I adapted this essay from a short address I gave at the Ethical Society of St. Louis on 16 April 2023.
For most of 2012 and 2013, I worked as an Editor in the language services unit at the United Nations in Beirut. Most of my colleagues specialized in Arabic-English translation, and even back in 2012, they were using a range of machine translation tools. My colleagues were dedicated to working with these technologies for at least two reasons: first, most of them loved Arabic more than Ken loves Barbie, and they were adamant about the future of Arabic; and second, my colleagues were well aware of the UN’s institutional commitment to working with machine translation, and they were determined that the Beirut office would lead in all matters related to Arabic.

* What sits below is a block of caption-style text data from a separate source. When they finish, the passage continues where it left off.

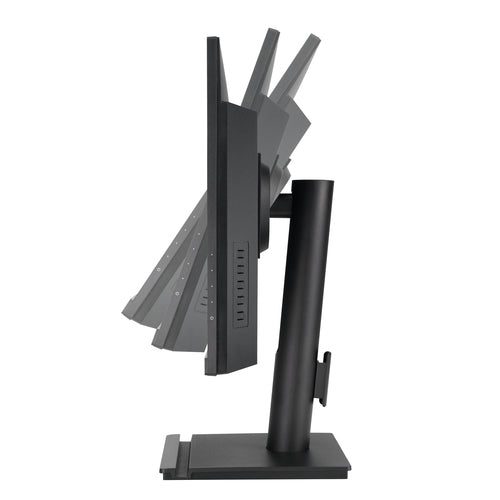 ASUS VA249QGS computer monitor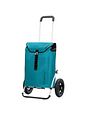 Andersen Shopper Royal Shopper Ortlieb indkøbstrolley 65 cm med lufthjul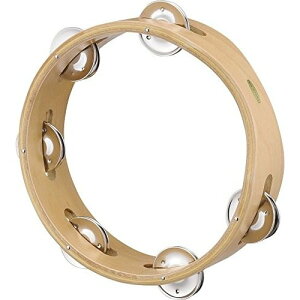 XYL L[^u STM-7C@@蔠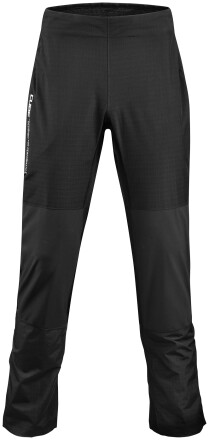 Cube BLACKLINE Regenhose lang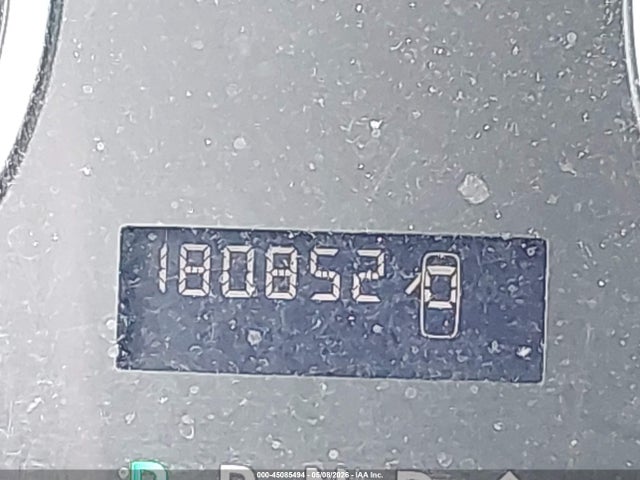 45085494 :رقم المزاد ، 3C6JD6AT7CG193257 vin ، 2012 Ram 1500 St مزاد بيع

Machine translation came up in many staff meetings. I gathered that it was tedious and time-consuming, unpredictable and unreliable. Everything had to be checked and corrected, and no one had space for what seemed like extra work. Discussing these challenges, one colleague explained that this was not wasted effort. She encouraged our unit to keep on feeding the machine, to keep on giving it examples of correct translations, to keep on building the tool. Machine translation was only as good as the examples fed into it.
Well it has been more than a decade since then. I moved to Bangkok and the technology moved on and now everyone is talking about machine learning and AI. For example, I was on the meditation subreddit the other day and scrolled past a comment that hit home:
To which all I can say is, BRO me also too.
The one thing I know about AI echoes a general and unavoidable truth about ourselves. Versions of this relationship – inputs to outputs – are just about everywhere. This month we celebrate Earth Day, and a harrowing inputs-outputs relationship is right there in the pollutants we dump into the environment that then build up in our own blood.
But I’ll focus now on how it turned up for me, in terms of race. Maybe you can relate to my experience – about a decade ago the murder of unarmed black children and adults began showing me something about the data set I was trained on. Trayvon Martin. Eric Garner. And then Michael Brown in Ferguson rocked my world, a world away in Bangkok. And it just kept on happening. Tamir Rice. Sandra Bland. Breonna Taylor. And by the time we got to George Floyd, I knew my data set had blinded me to multiple forms of systemic racial injustice, and I had to own my own blindness. The racism I was born into followed me everywhere I went in the world, and I had replicated it, uncritically, without a gun to my head.
I began to change my inputs, what I followed, read and watched. I began feeding myself a better data set; one that represented more of the real world and less of the white one. More of the Global South and less of the West. More of the 99% and less of the 1%.
There is power in how we use our attention and focus, in who we include and exclude, in what we replicate and what we disrupt. I encourage you and me and all of us to be intentional and critical about the data sets we train ourselves on. Be as critical as you would be about the food you eat, the air you breathe and the water you drink. Be careful of what you are building, because, as my colleague said in 2012, this is not wasted effort.